Graded on a Curve: Uncle Acid and & the deadbeats,
Mind Control

Psychedelic doom rockers Uncle Acid & the deadbeats are trapped in a time warp. Coincidentally it’s the very same time warp that I’ve been stranded in for years. To wit, the benighted second half of 1969, when the dark stars of Altamont and the Manson Family killings converged to send the Age of Aquarius into permanent retrograde. I can’t speak for Uncle Acid, but there’s no place I’d rather be.

Sure, it’s a bummer. The dogs of insanity have been loosed. Paranoia is the new dope. Every freak I know is either a Satanist or trying to trade in his flower-painted VW bus for a tank. And you can forget all that he ain’t heavy, he’s your brother hoo-ha. Take that hippie over there, the one with the crazy hair and hypnotic stare. He looks very heavy indeed, and he is most certainly not your brother. That said I’m glad Uncle Acid and the deadbeats are here, because nobody, and I mean nobody, better captures the pall of fear and loathing that has settled, like a cloud of pure dread, over us all.

Cambridge, England’s Uncle Acid & the deadbeats have released three full-lengths of skull-crushing, evil-infused psychedelic doom metal—using vintage equipment to more accurately evoke the buzz-harshing vibe of the Summer of Hate—since their formation in 2009. They sound like Black Sabbath, The Stooges, and Pentagram rolled into a joint, then laced with angel dust. Go ahead, smoke it. Sure, it’ll make you a tad paranoid. But as Charlie himself said, “Total paranoia is just total awareness.” And in the year 1969, total awareness just might save your life.

I love all three Uncle Acid LPs, but 2013’s Mind Control is nothing less than—at least for yours truly—a dream come true.
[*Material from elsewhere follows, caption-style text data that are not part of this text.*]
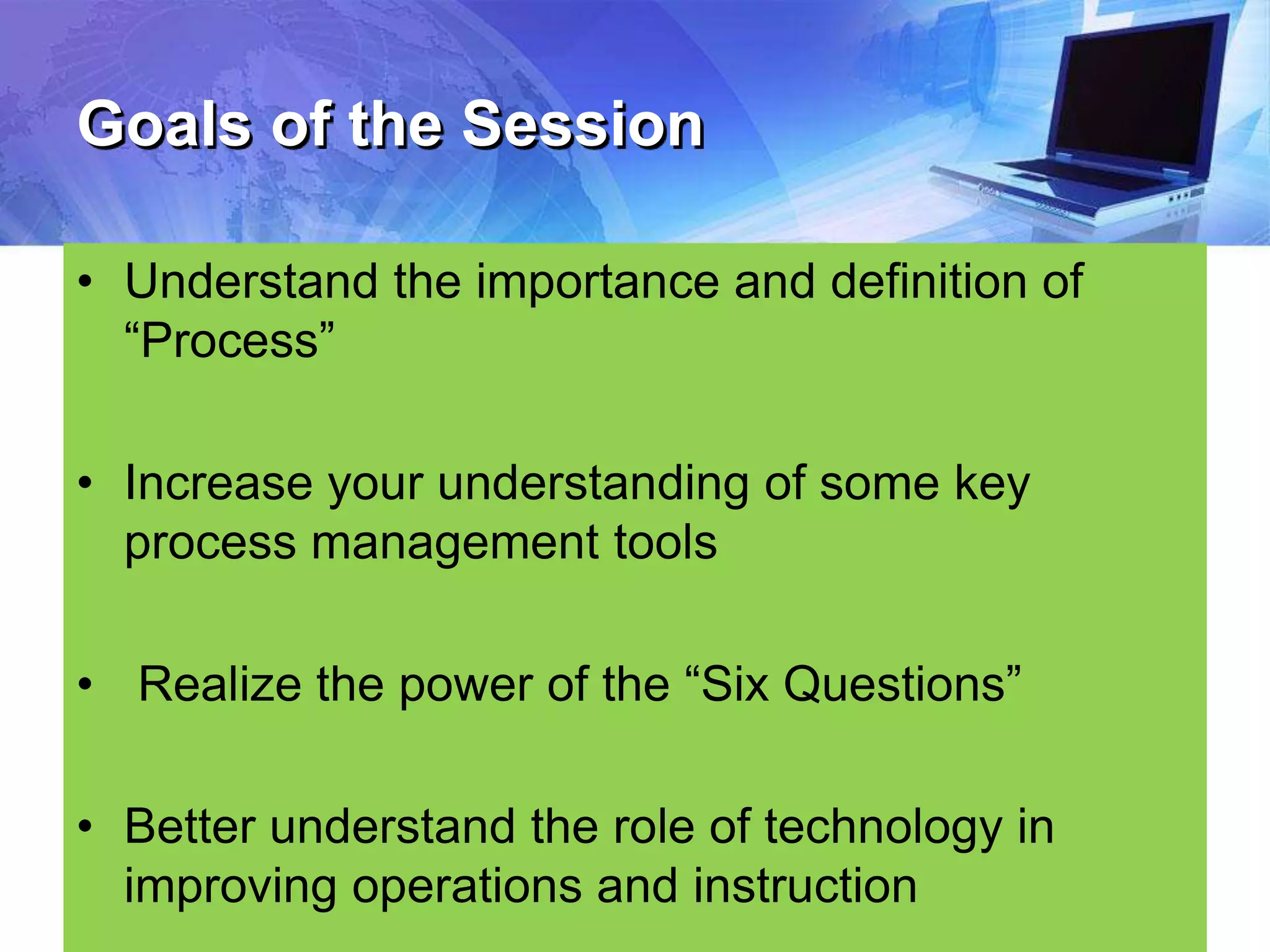 Goals of the Session
• Understand the importance and definition of
“Process”
• Increase your understanding of some key
process management tools
• Realize the power of the “Six Questions”
• Better understand the role of technology in
improving operations and instruction
 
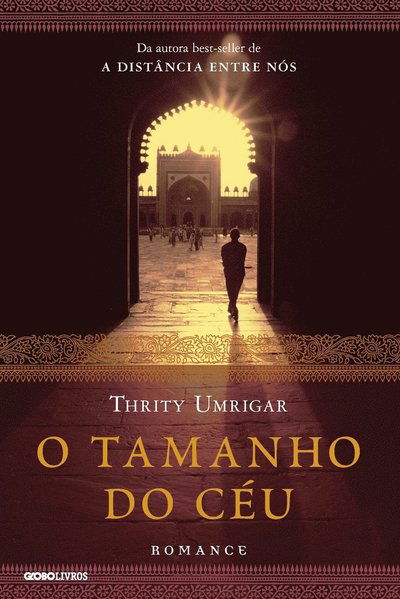 Cover for Thrity Umrigar · O Tamanho Do CÉu (Paperback Book) (2022)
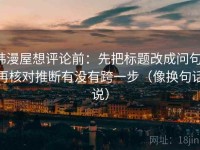 韩漫屋想评论前：先把标题改成问句，再核对推断有没有跨一步（像换句话说）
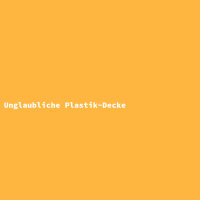 Unglaubliche Plastik-Decke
I’ve waited years for a Charles Manson concept album, and while Mind Control isn’t about Manson per se, its thinly fictionalized account of a charismatic cult leader who brainwashes his young acolytes to kill, kill, kill could hardly be about anybody but Charlie, who took in America’s garbage children and proceeded to bend their minds with LSD and such “No sense makes sense” koans as “Death is the greatest form of love” and “Gefrannis booj pooch boo jujube geeji geeja geeble begep flagaggle,” which I’m pretty sure he swiped word for word from Donovan’s “Barabajagal.”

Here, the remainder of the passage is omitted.